#### What to work on:
The reader should set down exactly the lines from the one containing "Sin consecuencias sismo" through the last line of the material, omitting every picture.

#### Data extract:
Segment Open

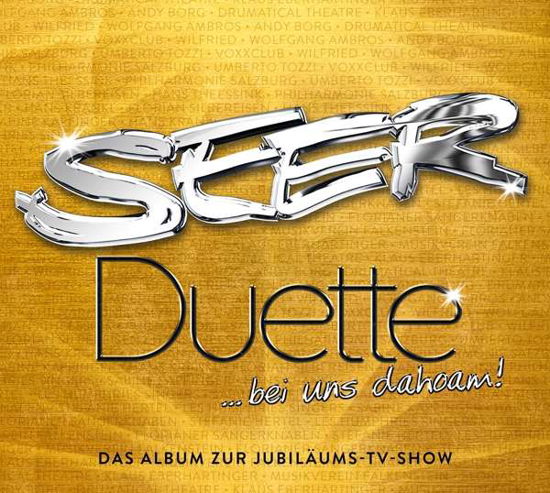 Duette Bei Uns Dahoam! - Seer - Musik - ARIOL - 0889853866021 - 11. november 2016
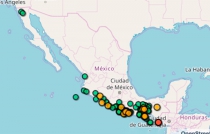 Sin consecuencias sismo de 6.5 grados en Chiapas y Ciudad de México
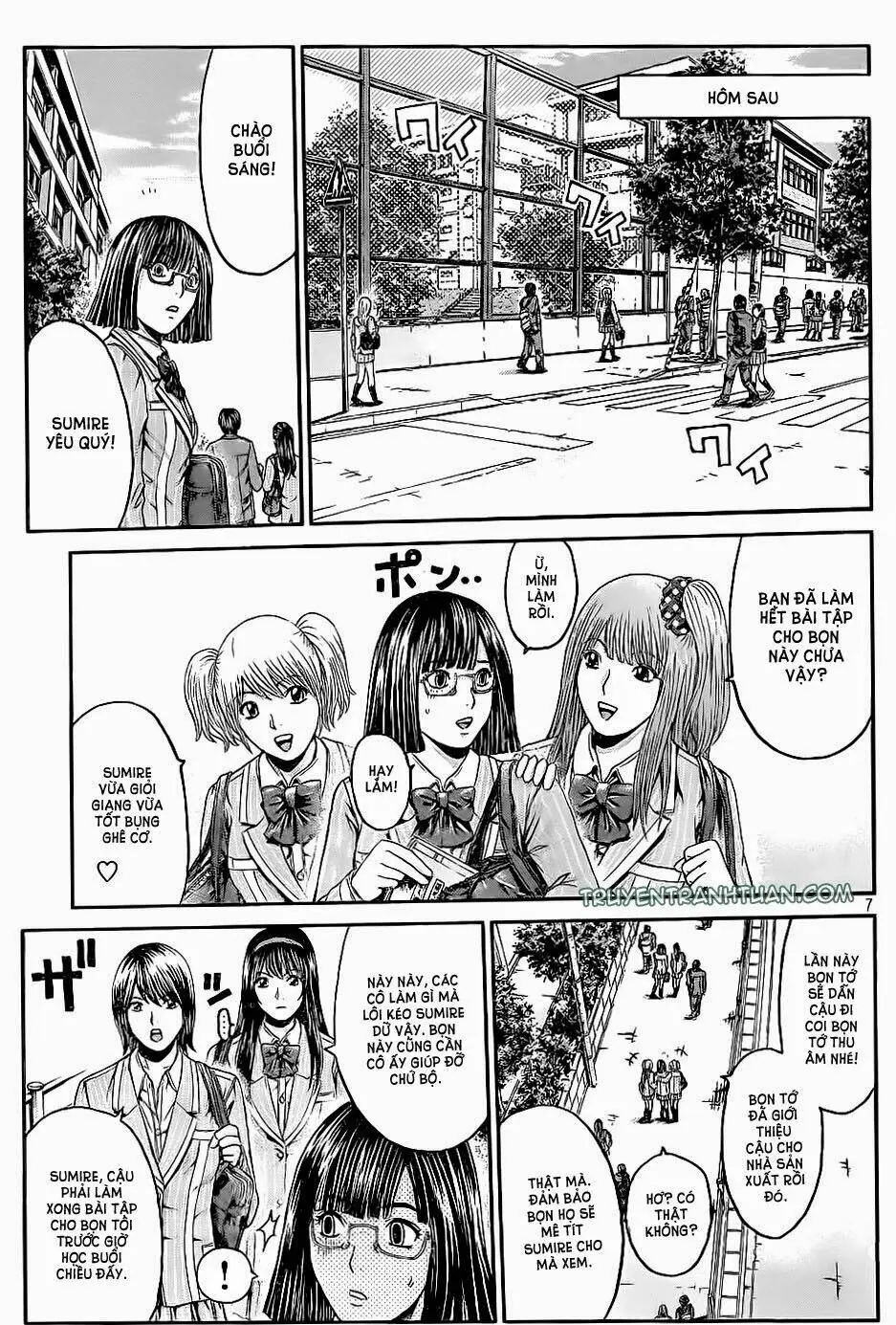 Great Teacher Onizuka : Paradise Lost Chapter 6 - Trang 8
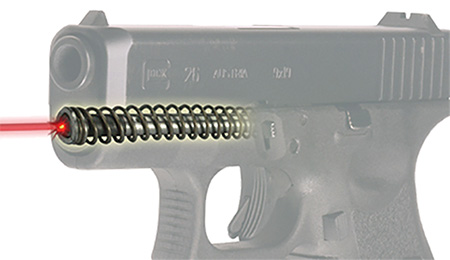 [798816542363] LaserMax LMS1161G4 Red Guide Rod Laser for Glock 26  Gen 4 Black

Segment Closed

#### Written response:
 Sin consecuencias sismo de 6.5 grados en Chiapas y Ciudad de México
 Great Teacher Onizuka : Paradise Lost Chapter 6 - Trang 8
 [798816542363] LaserMax LMS1161G4 Red Guide Rod Laser for Glock 26  Gen 4 Black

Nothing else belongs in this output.